John Grayken, chairman of Texas's Lone Star Funds, arrived in South Korea last week to testify in a case concerning alleged irregularities in Lone Star's ownership of Korea Exchange Bank. After his arrival, authorities banned him from leaving South Korea for 10 days. Today he will face questioning over the conditions that led Lone Star to buy KEB.

Such treatment of foreign investors presents a public-relations challenge for President-elect Lee Myung-bak, who takes office Feb. 25. He won election last month by emphasizing economic growth and said he would attract more foreign investment to spur the economy.

Mr. Lee will send envoys to top trading partners next week to signal South Korea's openness. He also appointed a British bank executive, David Eldon, to his transition committee and a government panel on national competitiveness.

Mr. Eldon said last week that he hopes Koreans will change their views on the profits that foreign investors make from their dealings in South Korea. "This has to be all part of the global business scene that I think Korea wants to be a part," he said.

But South Koreans are wary when foreign investment leads to control of Korean companies by outsiders. That wariness has turned to anger in cases when the foreign investor sold, or tried to sell, the Korean asset for a profit. Some politicians and media portray this as an economic version of the military invasions the Korean peninsula experienced repeatedly over the centuries.

Investors may be turning more skittish about South Korea because of the atmosphere. Foreign direct investment in South Korea has declined modestly each year since a peak of $12.7 billion in 2004 and last year was $10.5 billion, according to a preliminary government estimate. However, it is difficult to be certain of the cause of the decline, particularly because China is competing for with South Korea for foreign investment capital.

In Mr. Grayken's case, suspicions arose after Lone Star bought control of KEB in 2003 for $1.3 billion. In 2006, Lone Star tried to sell KEB to Kookmin Bank, South Korea's largest by assets, for a price that would have netted a $4 billion profit.

Had the deal gone through, Lone Star would have been the third foreign investment fund to make big money from buying a distressed Korean bank early this decade, and then restructuring it and selling. The proposed sale created a political uproar, leading to investigations and charges against former government officials and executives at KEB for letting the bank be sold to Lone Star at too low a price in 2003. Lone Star and Kookmin postponed the deal for months as the investigations wore on.

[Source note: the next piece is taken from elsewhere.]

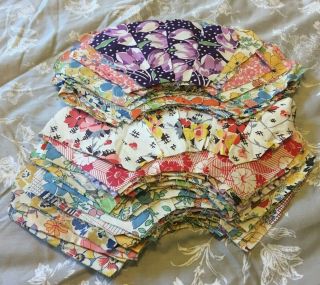 62 Vintage Fan Shaped Quilt Blocks 10 - 12 " Hand Stitched | Feed Sack Cloth - Pretty
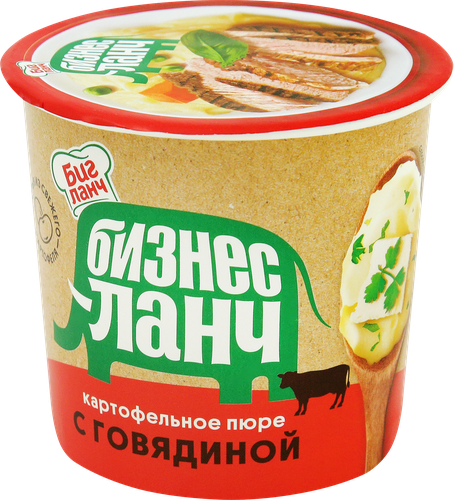 Пюре картофельное БИЗНЕС ЛАНЧ с говядиной, 40г, картинка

Beyond the inconvenience of his travel ban, Mr. Grayken is keen to get the case out of the way for business reasons. Lone Star terminated the deal with Kookmin early last year, saying KEB had become more valuable since the original pact.

In September, Lone Star announced a tentative agreement to sell a controlling stake in KEB to HSBC, the London-based multinational bank, which has a small presence in South Korea. If this deal goes through, Lone Star would make about $5 billion from its ownership of KEB.

Mr. Lee, the president-elect, hasn't commented on specific investment cases. But in an interview last year, he said: "I think Koreans sometimes, instead of focusing on what a law says, focus on a moral stand or emotion. When international investors look at that, it's controversial."